Arbeitsmarkt Asylsuchenden öffnen?
Debatten um eine frühere Öffnung des Arbeitsmarkts hält Faßmann allerdings für eine "Scheindiskussion": "Die Menschen müssen ohnehin zunächst die Sprache lernen, viele von ihnen müssen sich außerdem erst einmal für einen Berufsbereich qualifizieren", betont er - und warnt: Der frühere Zugang zur Arbeit wäre ein "falsches Signal" an diejenigen, die wenige Chancen haben zu bleiben.
Riedl von der Diakonie sieht das anders: "Integration muss vom ersten Tag an beginnen, für alle." Die Sorge, Geld zu investieren in Menschen, die das Land dann wieder verlassen müssen, lasse er als Argument nicht gelten.
"Wir haben kein flächendeckendes Konzept, wie Integration funktionieren soll", kritisiert Riedl. "Egal wo in Österreich ein anerkannter Flüchtling unterkommt: Er sollte vergleichbare Integrationsleistungen bekommen.

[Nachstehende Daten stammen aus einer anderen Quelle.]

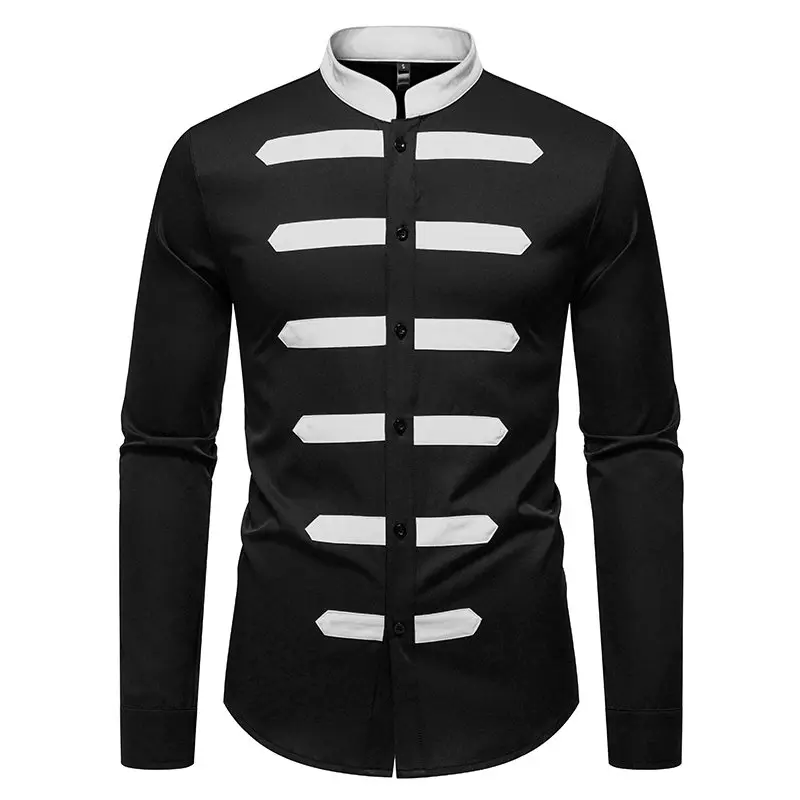 Men's Contrast Shirt Black White Color Block 2026 - Single Breasted Stand Collar Long Sleeve Top Fashion Modern Look Clothings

Von diesem Zustand sind wir meilenweit entfernt."
Viele setzten Integrationsleistung gleich mit Sprachkursen: "Die Menschen brauchen aber ganzheitliche Beratung: Hilfe bei der Wohnungs- und Jobsuche, Unterstützung im Alltag. Sonst haben sie keine Chance, hier anzukommen."
Werte-Kurse "sinnvoll"
Neben Sprachkursen hält Faßmann auch Werte-Kurse über den kulturellen Hintergrund des neuen Heimatlandes für "hilfreich und sinnvoll". Dabei gehe es ja nicht um Wiener Schnitzel oder Lederhosen, "sondern um die grundsätzlichen Werte des demokratischen, liberalen Rechtsstaates."
Dass Integration keine Einbahnstraße ist, darüber sind sich die Experten einig: "Initiativen von Ehrenamtlichen sind ein wesentliches Bindeglied zwischen Flüchtlingen und der Aufnahmegesellschaft", findet Rosenberger. Davon gebe es bereits viele, auch in den ländlichen Bereichen: Zu wenig sei aber für finanzielle Mittel, Räume und Fortbildungen für diese Initiativen gesorgt.
Risiken einer misslungen Integration
Was verändert sich durch gelungene Integration? "Die Menschen werden offener", glaubt Rosenberger. "Sie engagieren sich, setzen sich für etwas gemeinsam ein – und werden politischer." Mit dem rechtspopulistischen Diskurs, der sich gerade entwickele, lege man jedoch den Grundstein dafür, "dass Integration nur erschwert gelingen kann".
Faßmann sieht ein Risiko, das misslungene Integration birgt: "Wenn anerkannte Flüchtlinge keine Arbeit finden, werden sie von Sozialtransfers leben." Eine sozialpolitische Verteilungsdiskussion sei dann unvermeidbar - mit dem Vorwurf: "Wir zahlen ein, ihr nehmt über Gebühr raus, obwohl ihr nichts dafür geleistet habt."
Er schlägt vor, die Unterstützung von Flüchtlingen auch als "umgekehrte Investition" zu betrachten. Er denkt dabei gerade an die jungen, lernbereiten unter ihnen: "Wir investieren jetzt in ihre Aus- und Weiterbildung – später werden sie das zurückgeben."
Auch Riedl sieht in den Potenzialen der Flüchtlinge eine Chance für die Aufnahmeländer, Defizite im eigenen Wirtschaftssystem zu kompensieren. Die europäischen Staaten hätten keine andere Wahl, als gemeinsam an der Integration mitzuarbeiten: "Wenn sie nicht funktioniert, dann zerbricht Europa, so wie wir es kennen."